Work instructions
Set out the listing word for word. End with the line that contains "Ray-Ban Tortoise Cats".
========
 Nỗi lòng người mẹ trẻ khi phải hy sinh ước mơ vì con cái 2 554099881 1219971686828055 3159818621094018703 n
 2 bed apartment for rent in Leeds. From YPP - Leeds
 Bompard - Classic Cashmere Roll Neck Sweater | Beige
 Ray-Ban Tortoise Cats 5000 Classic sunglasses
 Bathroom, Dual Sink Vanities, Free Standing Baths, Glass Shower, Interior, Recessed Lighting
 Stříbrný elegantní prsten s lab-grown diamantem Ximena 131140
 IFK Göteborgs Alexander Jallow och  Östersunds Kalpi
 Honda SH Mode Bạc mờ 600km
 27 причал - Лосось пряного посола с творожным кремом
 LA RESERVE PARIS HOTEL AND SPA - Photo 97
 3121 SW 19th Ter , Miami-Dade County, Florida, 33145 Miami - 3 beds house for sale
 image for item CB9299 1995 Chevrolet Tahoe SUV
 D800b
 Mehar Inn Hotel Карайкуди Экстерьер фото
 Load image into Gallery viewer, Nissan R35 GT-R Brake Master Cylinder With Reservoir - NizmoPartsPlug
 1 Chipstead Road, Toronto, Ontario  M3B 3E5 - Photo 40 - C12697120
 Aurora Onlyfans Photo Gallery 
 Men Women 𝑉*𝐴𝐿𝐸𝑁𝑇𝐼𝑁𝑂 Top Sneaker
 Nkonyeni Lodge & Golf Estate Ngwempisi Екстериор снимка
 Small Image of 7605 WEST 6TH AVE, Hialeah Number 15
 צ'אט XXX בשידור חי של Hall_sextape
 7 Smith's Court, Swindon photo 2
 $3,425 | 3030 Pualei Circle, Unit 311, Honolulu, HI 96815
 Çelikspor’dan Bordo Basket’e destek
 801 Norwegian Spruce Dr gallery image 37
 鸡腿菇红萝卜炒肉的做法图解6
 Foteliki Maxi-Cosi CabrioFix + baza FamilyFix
========
Exercise answer
 Nỗi lòng người mẹ trẻ khi phải hy sinh ước mơ vì con cái 2 554099881 1219971686828055 3159818621094018703 n
 2 bed apartment for rent in Leeds. From YPP - Leeds
 Bompard - Classic Cashmere Roll Neck Sweater | Beige
 Ray-Ban Tortoise Cats 5000 Classic sunglasses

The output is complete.